What you are asked to do »
Where the listing shows an image, skip it and output all other material unchanged.

Collected material Block Start

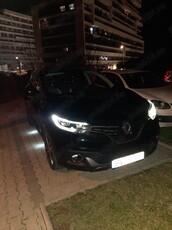 De vanzare Renault Kadjar 1.5 dCi 110cp EDC, BOSE Edition, Automata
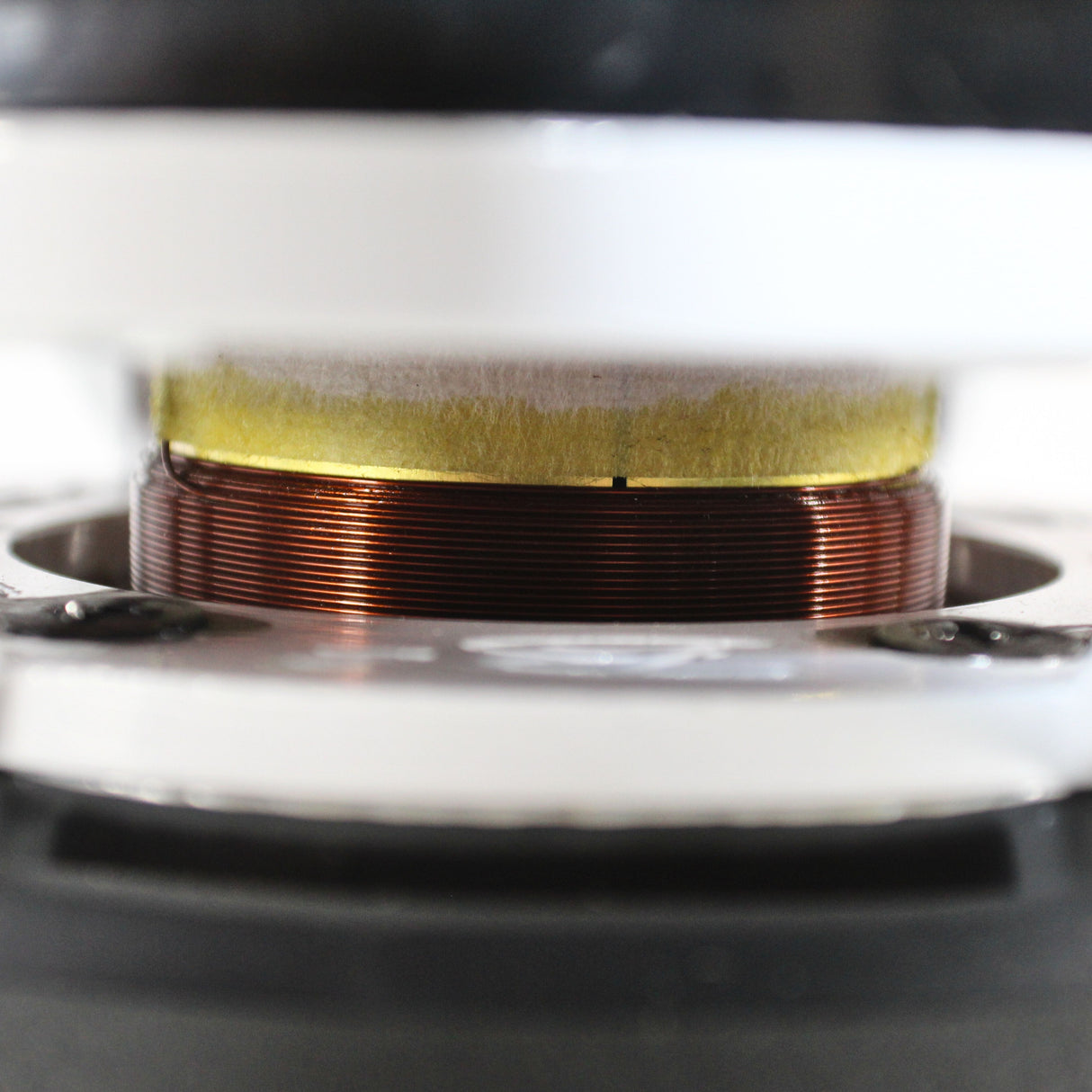 B2 Audio RAGE Series 6" Dual 2" Voice Coil 350W RMS Subwoofer RAGE6-D2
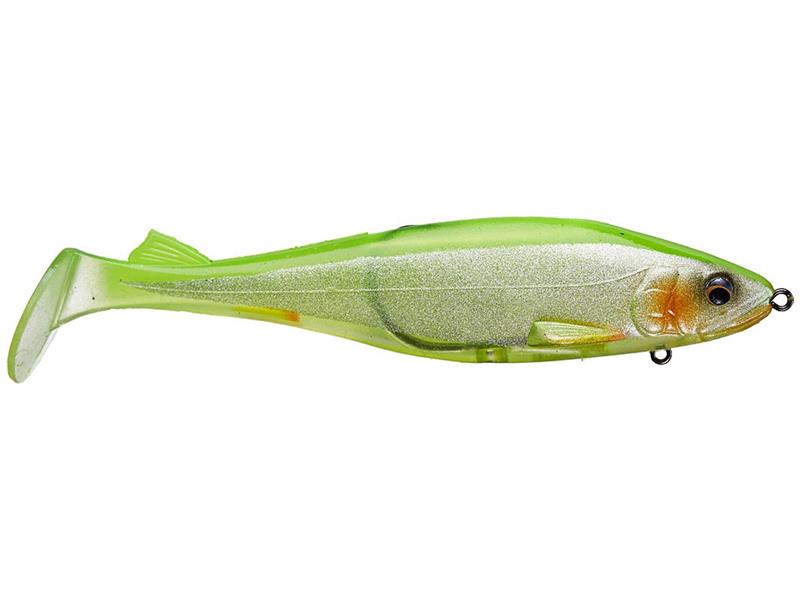 Leurre Souple Imakatsu Stealth Swimmer 16cm - Photo 1
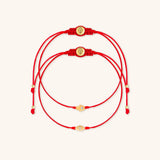 Ultimate Protection Red String Set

Collected material Block End

Your solution »
 De vanzare Renault Kadjar 1.5 dCi 110cp EDC, BOSE Edition, Automata
 B2 Audio RAGE Series 6" Dual 2" Voice Coil 350W RMS Subwoofer RAGE6-D2
 Leurre Souple Imakatsu Stealth Swimmer 16cm - Photo 1
 Ultimate Protection Red String Set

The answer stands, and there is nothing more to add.